> _SUPPLIED INFORMATION_:
────────────────────

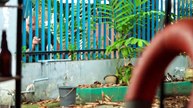 L_ Langoy_360P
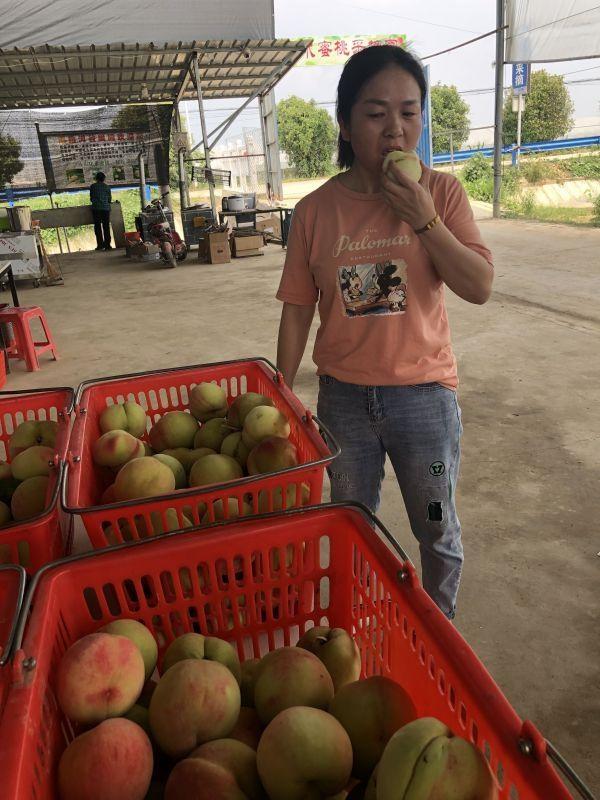 最新版律师,日常小趣事与深厚友情的温馨展现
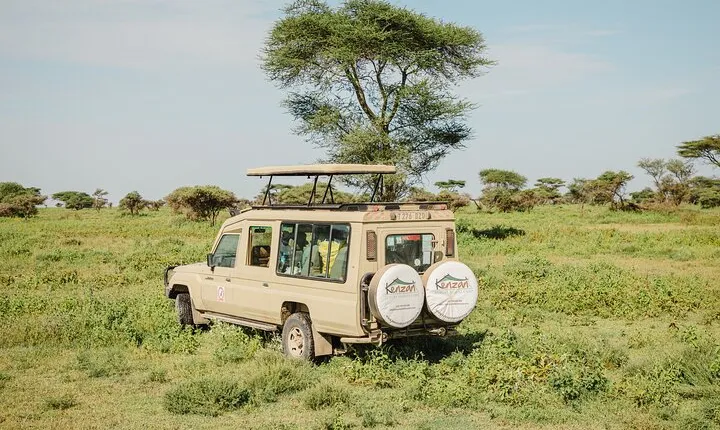 Private 4-Day Wildlife Encounter in Tanzania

────────────────────

> _PROBLEM TO SOLVE_: Pictures stay out; the data above is to be returned exactly.

> _OUTPUT FOR THIS EXERCISE_:
 L_ Langoy_360P
 最新版律师,日常小趣事与深厚友情的温馨展现
 Private 4-Day Wildlife Encounter in Tanzania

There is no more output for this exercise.